Bet'cha the judge is a young fella, lot's of space in his brain for knowledge and wisdom.


----------



## Sassycakes (Jan 6, 2020)

I miss the days when I was called Young Lady. I do not find it offensive in any way.


----------



## Gardenlover (Jan 6, 2020)

I guess it's akin to being call old man or old woman and depends on the tone and nonverbal aspects in which it's delivered.


----------



## Catlady (Jan 6, 2020)

Gardenlover said:


> I guess it's akin to *being call old man or old woman *and depends on the tone and nonverbal aspects in which it's delivered.


That's on the opposite end, and still insulting or more so.  Unless you're describing for the cops or a story, there's no need to say it.

On the other hand, I knew this guy who called old women ''young lady'', some smiled with pleasure, most of them acted uncomfortable and gave him the side-eye.  He sounded so hypocritical and condescending, but in his mind he was being charming.


----------



## win231 (Jan 6, 2020)

Some people may interpret "Young Lady" as a mother scolding her teen-age daughter for staying out too late or something.


----------



## CrackerJack (Jan 6, 2020)

I resent being asked if I mind being called by my Forename.
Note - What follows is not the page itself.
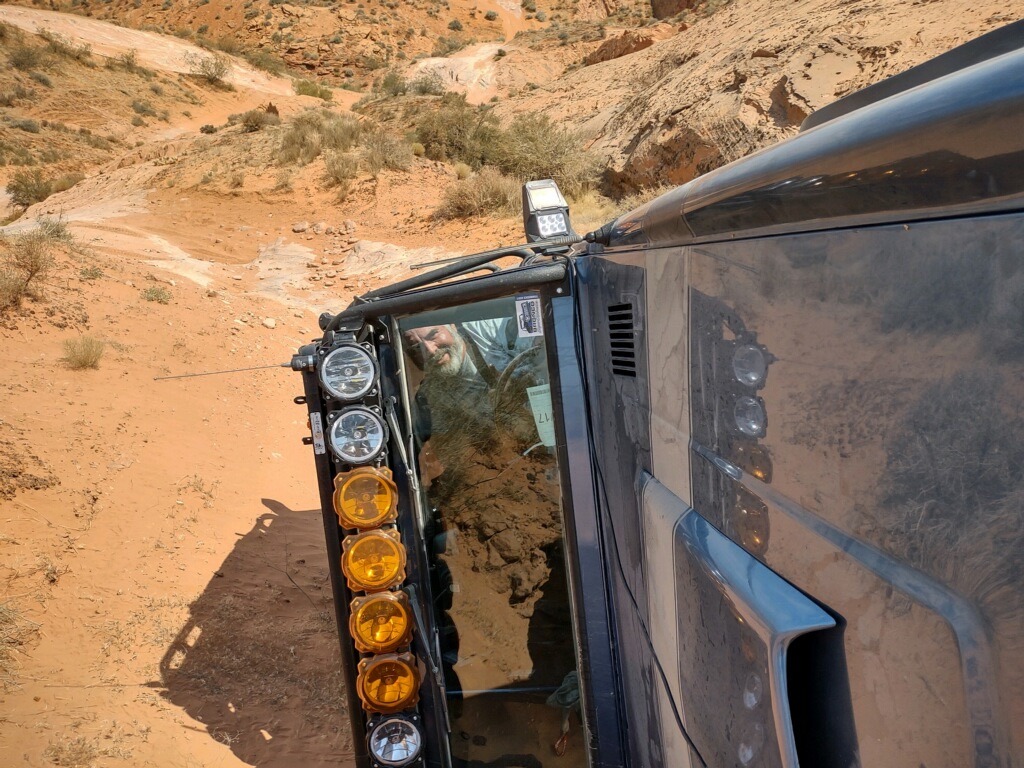 Paul Perry's Bronco after being rolled. 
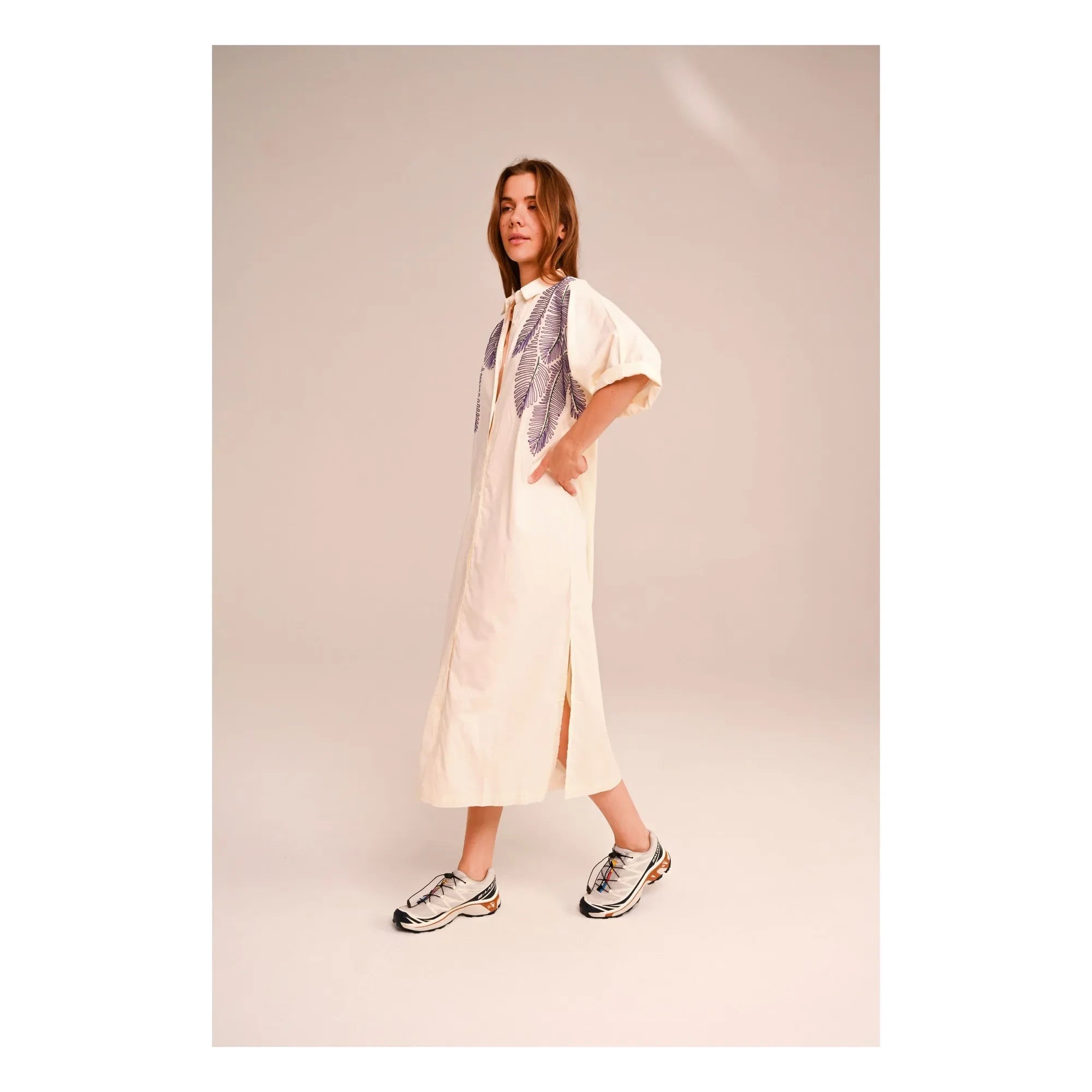 Sacrécoeur - Lou Taro besticktes Baumwoll-Voile-Kleid | Weiß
I say no please use my Mrs xxxxx and they do of course. Maybe I'm old fashioned


----------



## Gardenlover (Jan 6, 2020)

True story, just happened. I was strolling home from the corner pub after having a pint or two. A young gentleman approached from the opposite direction walking his dog,  as we crossed paths he said, "Good evening sir." I looked around for my father, but he was no where to be seen. We spoke for a few minutes about his dog. When we parted company he said, "Have a great evening sir." 

Very polite, but it still gave me the impression that he thought "I" was an old geezer. How could that be?


----------



## Pepper (Jan 6, 2020)

Catlady said:


> I never call anyone young lady or young man or call someone ''son'' (he's not my son).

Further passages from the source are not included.